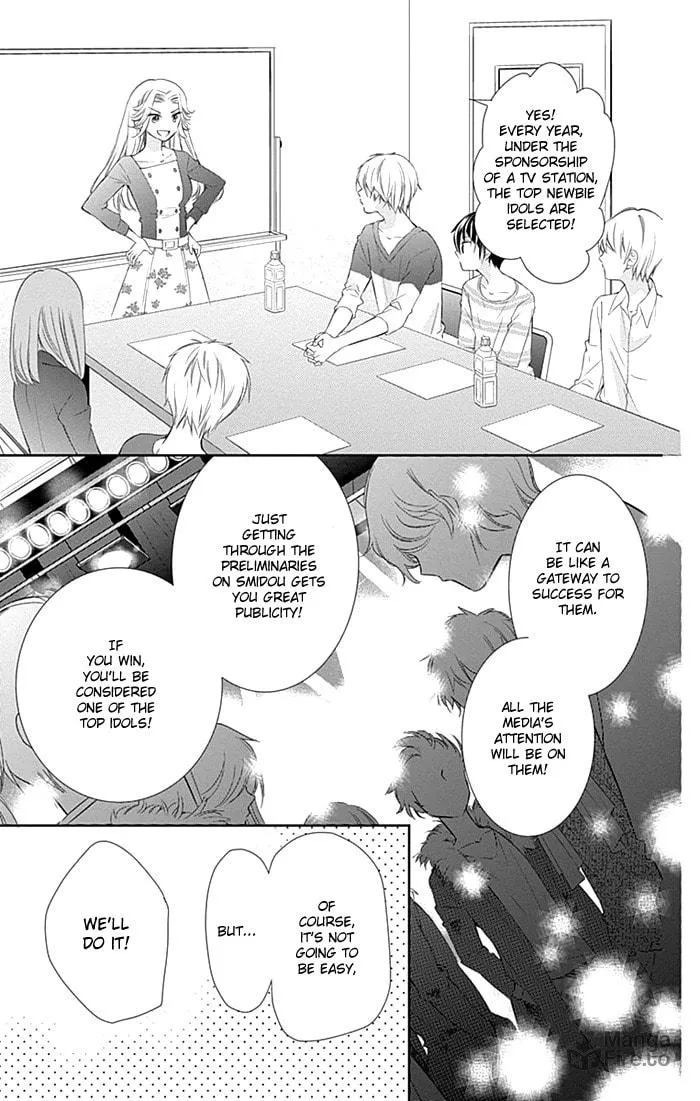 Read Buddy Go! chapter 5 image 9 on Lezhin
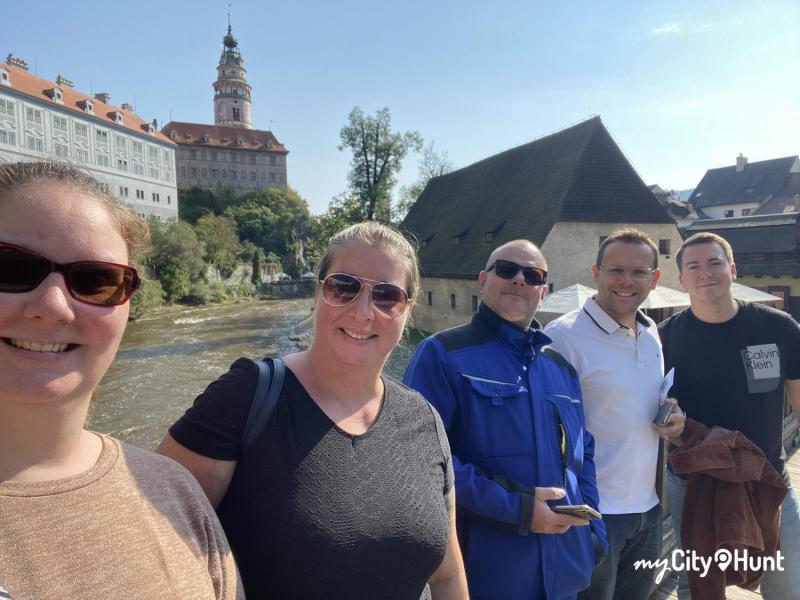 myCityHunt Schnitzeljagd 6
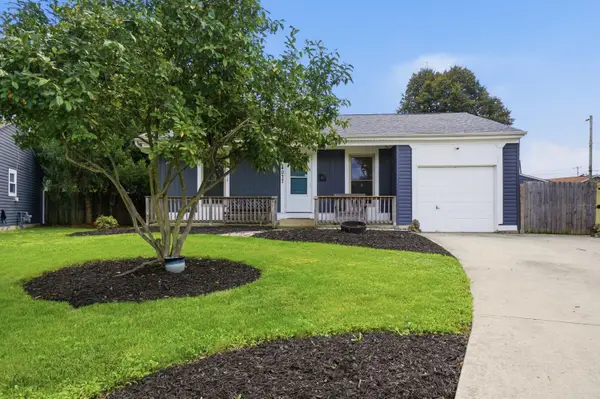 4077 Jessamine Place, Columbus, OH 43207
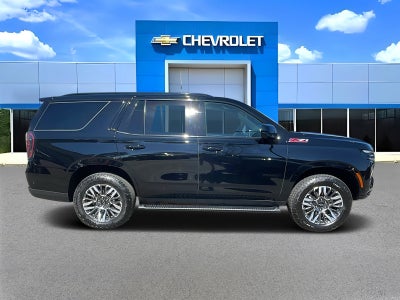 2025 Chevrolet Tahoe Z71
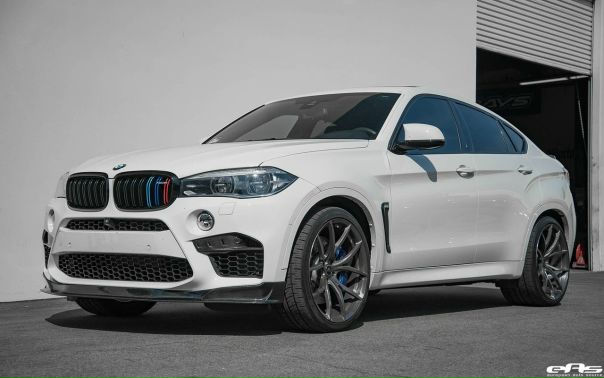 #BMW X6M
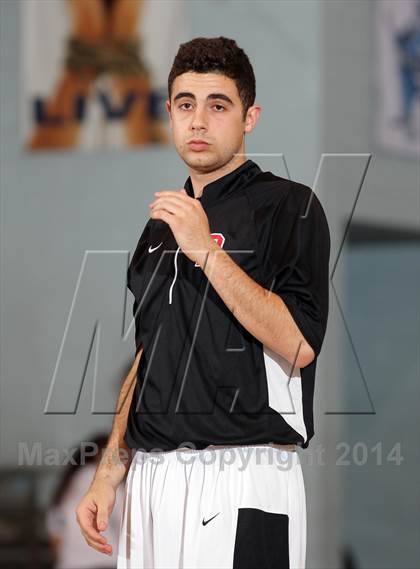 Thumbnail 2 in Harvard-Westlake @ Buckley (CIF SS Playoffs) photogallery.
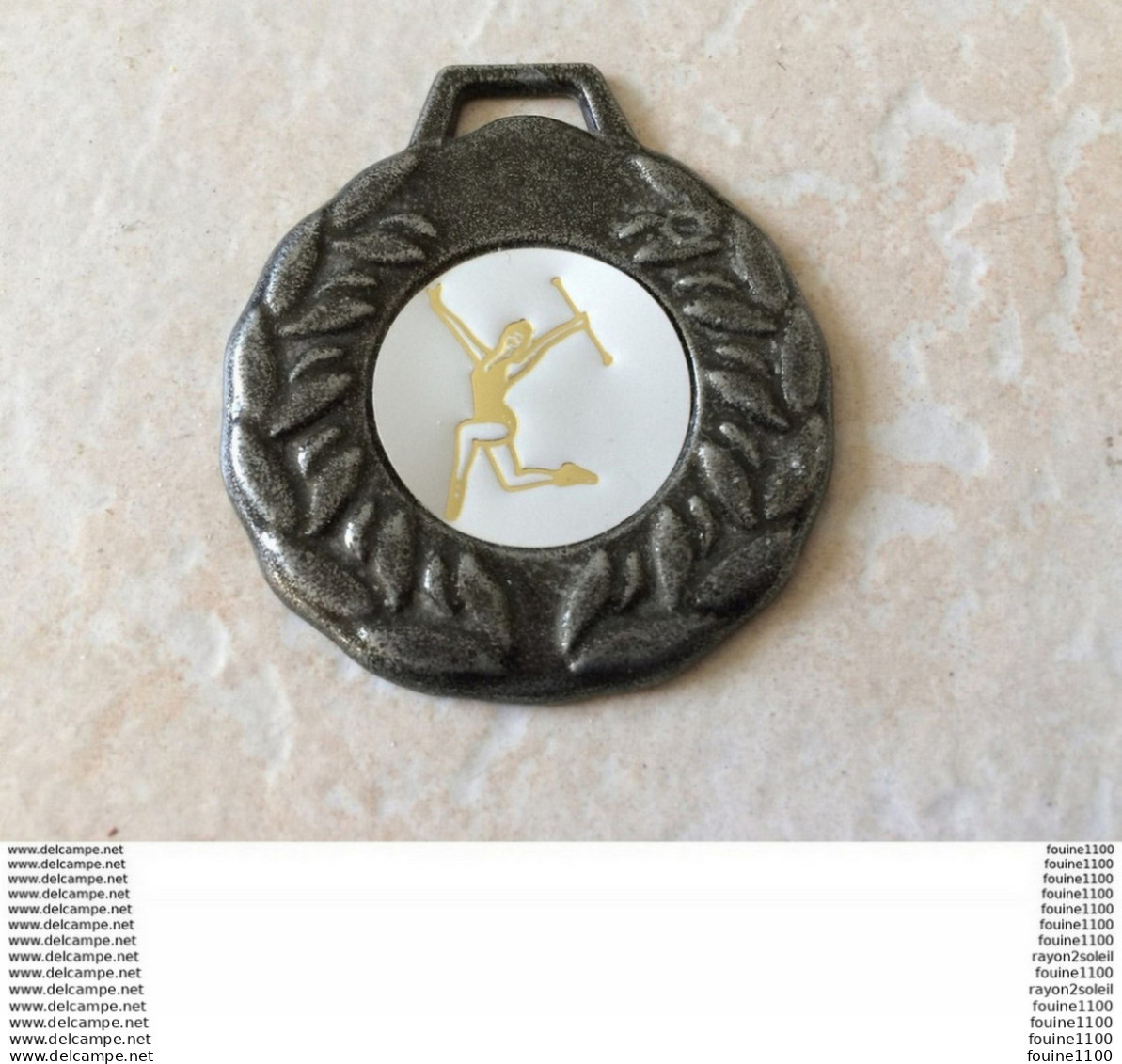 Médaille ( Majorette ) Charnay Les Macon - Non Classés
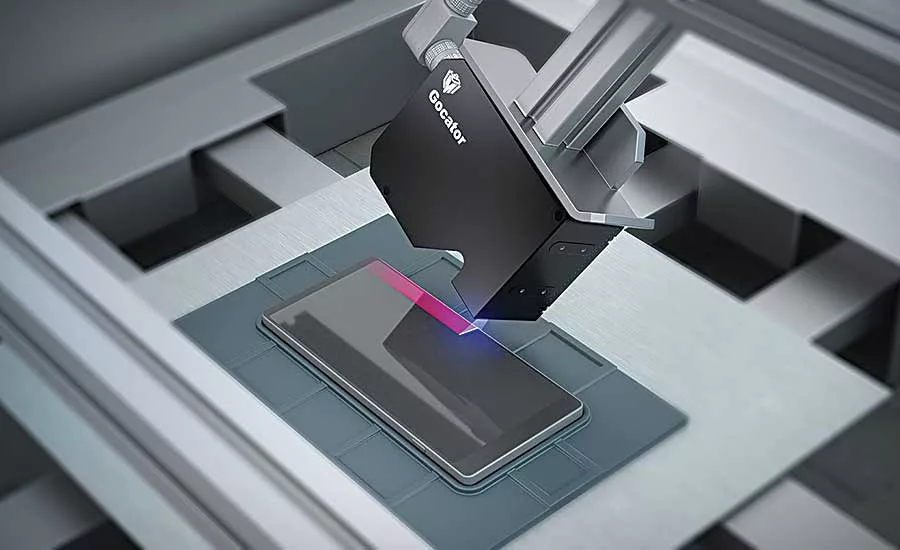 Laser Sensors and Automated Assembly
..............................
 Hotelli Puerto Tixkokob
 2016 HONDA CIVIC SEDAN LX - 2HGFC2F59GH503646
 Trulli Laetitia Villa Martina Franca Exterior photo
..............................
* WHAT IS BEING ASKED
In the listing above, find the line with "Read Buddy Go! chapter 5 image 9 on Lezhin" and the line with "Laser Sensors and Automated Assembly". Copy exactly those lines and all between them, minus the images.

* FINAL ANSWER
 Read Buddy Go! chapter 5 image 9 on Lezhin
 myCityHunt Schnitzeljagd 6
 4077 Jessamine Place, Columbus, OH 43207
 2025 Chevrolet Tahoe Z71
 #BMW X6M
 Thumbnail 2 in Harvard-Westlake @ Buckley (CIF SS Playoffs) photogallery.
 Médaille ( Majorette ) Charnay Les Macon - Non Classés
 Laser Sensors and Automated Assembly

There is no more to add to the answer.